OS V 3.0 with title.jpgMaking the most of the extensive, trial-and-error experience gained by conservation organizations while designing, implementing and appraising their conservation projects, the members of the Conservation Measures Partnership (CMP) have developed a set of project cycle or adaptive management open standards that are reflected in the work of all of our organizations and are, we believe, fundamental to effective conservation. These Open Standards for the Practice of Conservation are less a recipe that must be followed exactly than a framework and guidance for conservation action.

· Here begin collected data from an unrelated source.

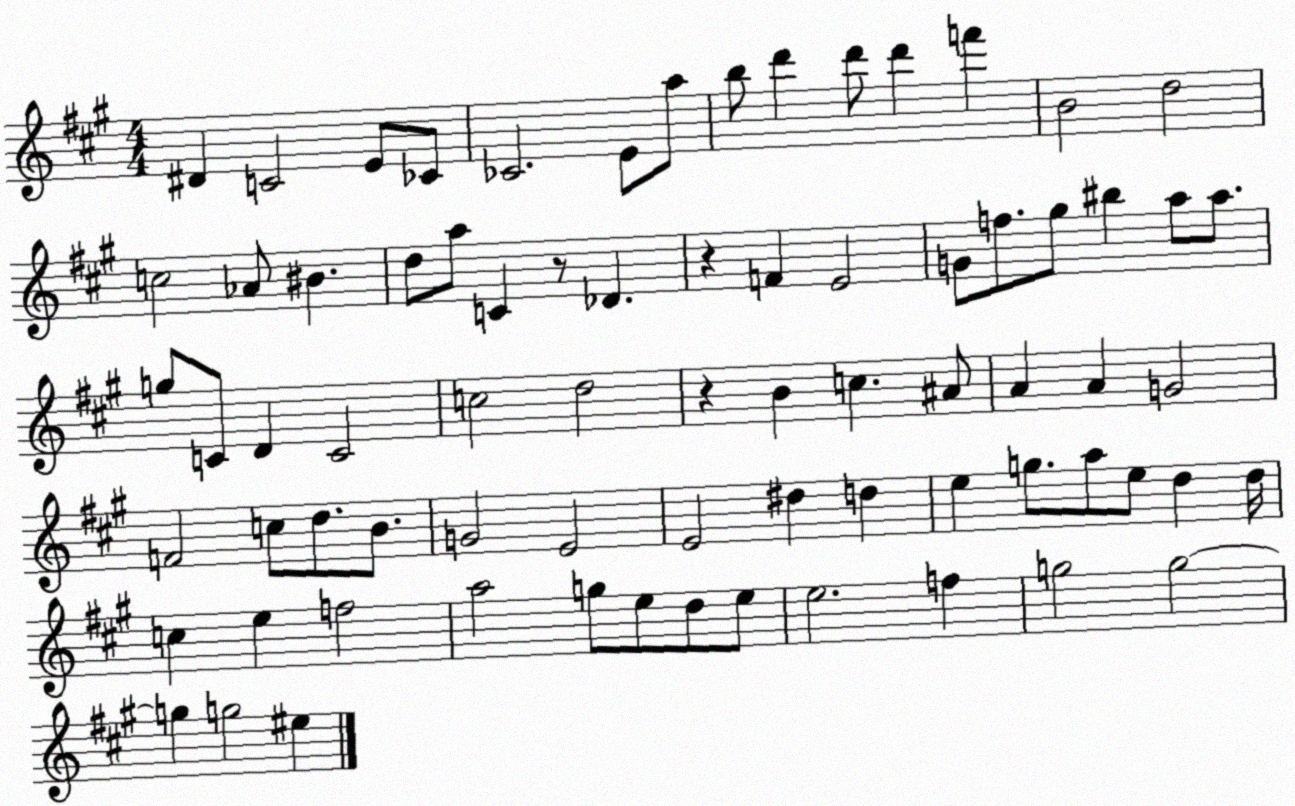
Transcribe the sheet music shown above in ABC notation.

X:1
T:Untitled
M:4/4
L:1/4
K:A
^D C2 E/2 _C/2 _C2 E/2 a/2 b/2 d' d'/2 d' f' B2 d2 c2 _A/2 ^B d/2 a/2 C z/2 _D z F E2 G/2 f/2 ^g/2 ^b a/2 a/2 g/2 C/2 D C2 c2 d2 z B c ^A/2 A A G2 F2 c/2 d/2 B/2 G2 E2 E2 ^d d e g/2 a/2 e/2 d d/4 c e f2 a2 g/2 e/2 d/2 e/2 e2 f g2 g2 g g2 ^e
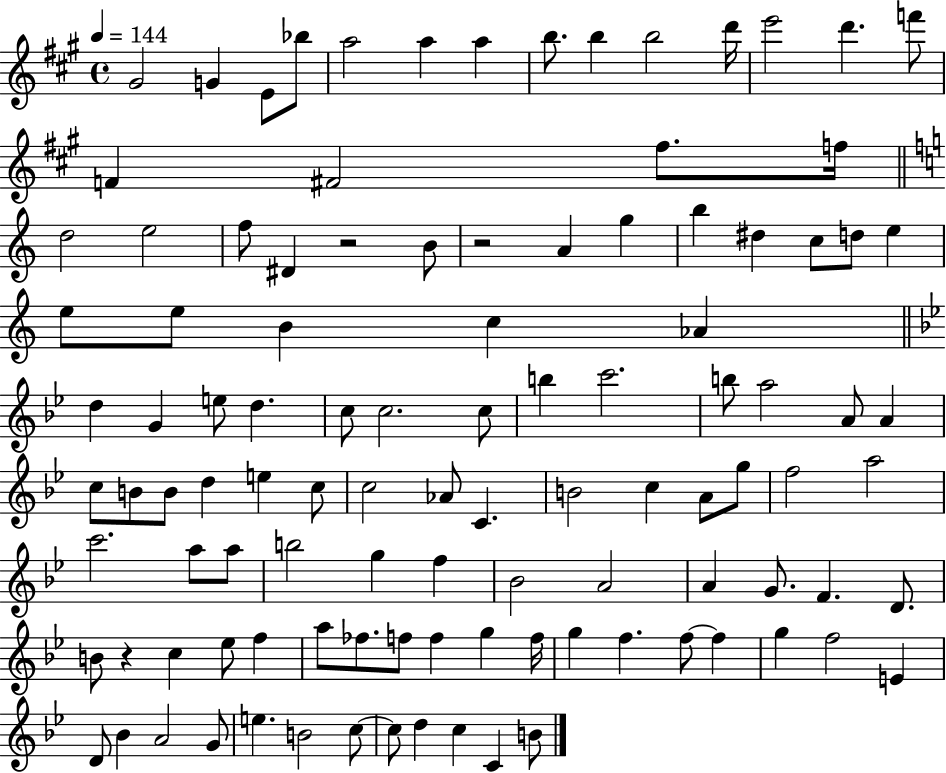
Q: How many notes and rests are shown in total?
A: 107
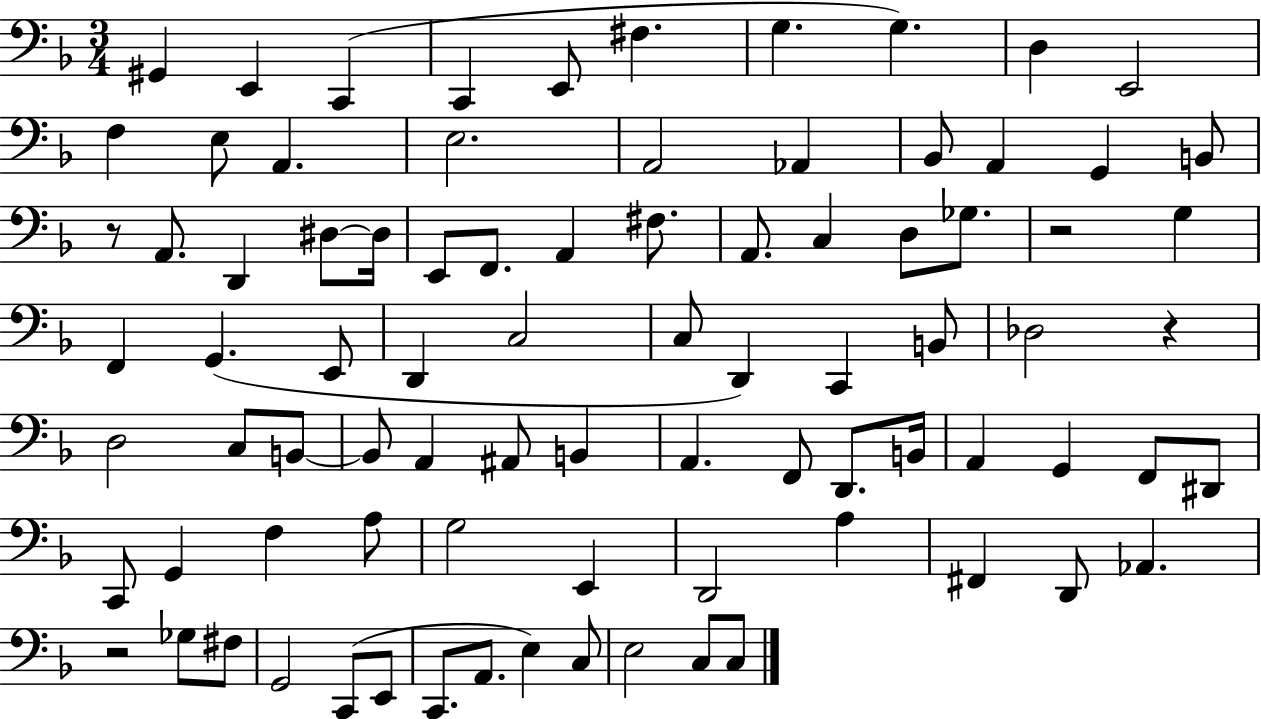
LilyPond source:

{
  \clef bass
  \numericTimeSignature
  \time 3/4
  \key f \major
  gis,4 e,4 c,4( | c,4 e,8 fis4. | g4. g4.) | d4 e,2 | \break f4 e8 a,4. | e2. | a,2 aes,4 | bes,8 a,4 g,4 b,8 | \break r8 a,8. d,4 dis8~~ dis16 | e,8 f,8. a,4 fis8. | a,8. c4 d8 ges8. | r2 g4 | \break f,4 g,4.( e,8 | d,4 c2 | c8 d,4) c,4 b,8 | des2 r4 | \break d2 c8 b,8~~ | b,8 a,4 ais,8 b,4 | a,4. f,8 d,8. b,16 | a,4 g,4 f,8 dis,8 | \break c,8 g,4 f4 a8 | g2 e,4 | d,2 a4 | fis,4 d,8 aes,4. | \break r2 ges8 fis8 | g,2 c,8( e,8 | c,8. a,8. e4) c8 | e2 c8 c8 | \break \bar "|."
}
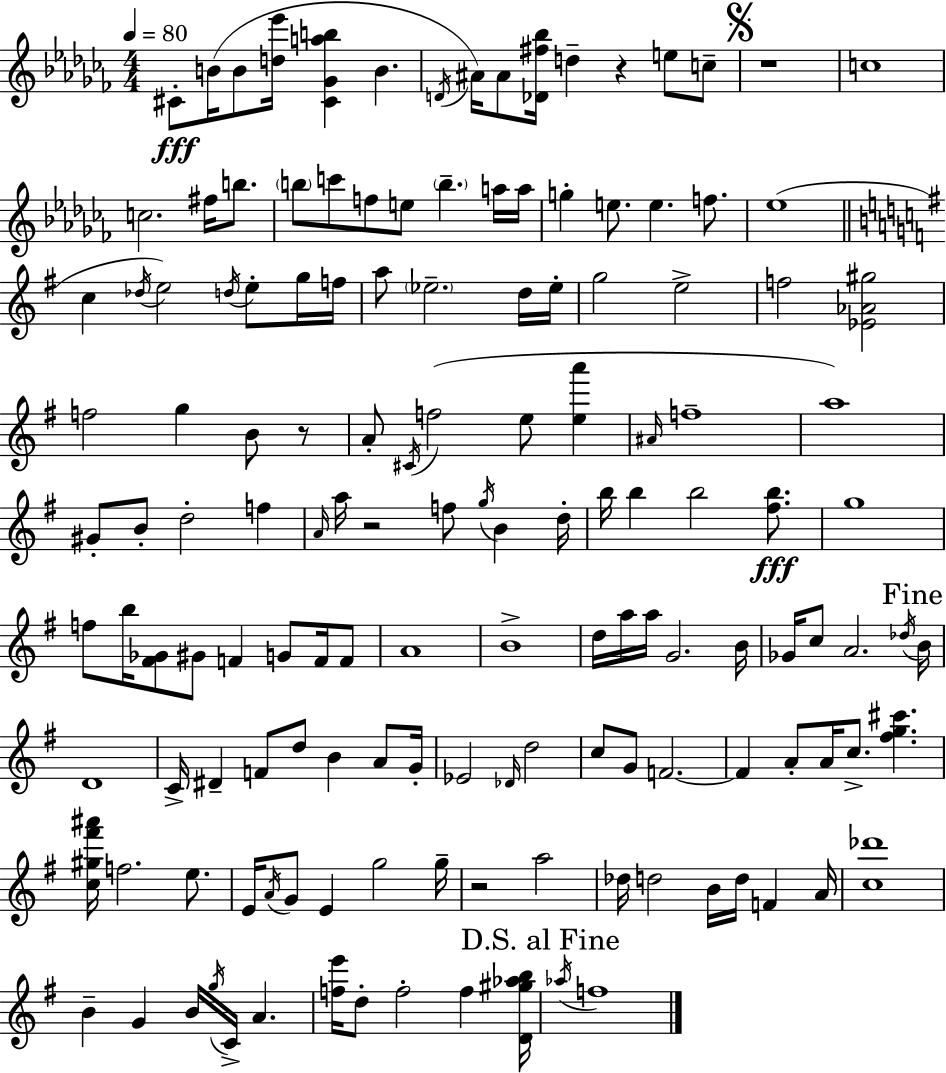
{
  \clef treble
  \numericTimeSignature
  \time 4/4
  \key aes \minor
  \tempo 4 = 80
  cis'8-.\fff b'16( b'8 <d'' ees'''>16 <cis' ges' a'' b''>4 b'4. | \acciaccatura { d'16 }) ais'16 ais'8 <des' fis'' bes''>16 d''4-- r4 e''8 c''8-- | \mark \markup { \musicglyph "scripts.segno" } r1 | c''1 | \break c''2. fis''16 b''8. | \parenthesize b''8 c'''8 f''8 e''8 \parenthesize b''4.-- a''16 | a''16 g''4-. e''8. e''4. f''8. | ees''1( | \break \bar "||" \break \key g \major c''4 \acciaccatura { des''16 } e''2) \acciaccatura { d''16 } e''8-. | g''16 f''16 a''8 \parenthesize ees''2.-- | d''16 ees''16-. g''2 e''2-> | f''2 <ees' aes' gis''>2 | \break f''2 g''4 b'8 | r8 a'8-. \acciaccatura { cis'16 } f''2( e''8 <e'' a'''>4 | \grace { ais'16 } f''1-- | a''1) | \break gis'8-. b'8-. d''2-. | f''4 \grace { a'16 } a''16 r2 f''8 | \acciaccatura { g''16 } b'4 d''16-. b''16 b''4 b''2 | <fis'' b''>8.\fff g''1 | \break f''8 b''16 <fis' ges'>8 gis'8 f'4 | g'8 f'16 f'8 a'1 | b'1-> | d''16 a''16 a''16 g'2. | \break b'16 ges'16 c''8 a'2. | \acciaccatura { des''16 } \mark "Fine" b'16 d'1 | c'16-> dis'4-- f'8 d''8 | b'4 a'8 g'16-. ees'2 \grace { des'16 } | \break d''2 c''8 g'8 f'2.~~ | f'4 a'8-. a'16 c''8.-> | <fis'' g'' cis'''>4. <c'' gis'' fis''' ais'''>16 f''2. | e''8. e'16 \acciaccatura { a'16 } g'8 e'4 | \break g''2 g''16-- r2 | a''2 des''16 d''2 | b'16 d''16 f'4 a'16 <c'' des'''>1 | b'4-- g'4 | \break b'16 \acciaccatura { g''16 } c'16-> a'4. <f'' e'''>16 d''8-. f''2-. | f''4 <d' gis'' aes'' b''>16 \mark "D.S. al Fine" \acciaccatura { aes''16 } f''1 | \bar "|."
}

Our goal in developing these Open Standards is to bring together common concepts, approaches, and terminology in conservation project design, management, and monitoring in order to help practitioners improve the practice of conservation. In particular, these standards are meant to provide the principles, tasks, and guidance necessary for the successful implementation of conservation projects. As members of CMP, we hope that by developing these open standards, our colleagues in our respective organizations - and across the conservation landscape - will have clear guidance on how to maximize the effectiveness and efficiency of their projects for maximum conservation gain. In addition, we anticipate that these standards will comprise the foundation of a useful conservation audit process.

We have organized the main ingredients of these open standards - principles, tasks, and guidance - into seven steps that comprise the project management cycle including conceptualization, planning, implementation, analysis, adaptation, communication, and iteration (go to to download the full version of the standards). Although we present the standards as a linear series of steps or stages, the entire process is rarely applied in a linear fashion from start to finish - instead it is typically only a rough approximation of the more complex series of back-and-forth movements that a project goes through.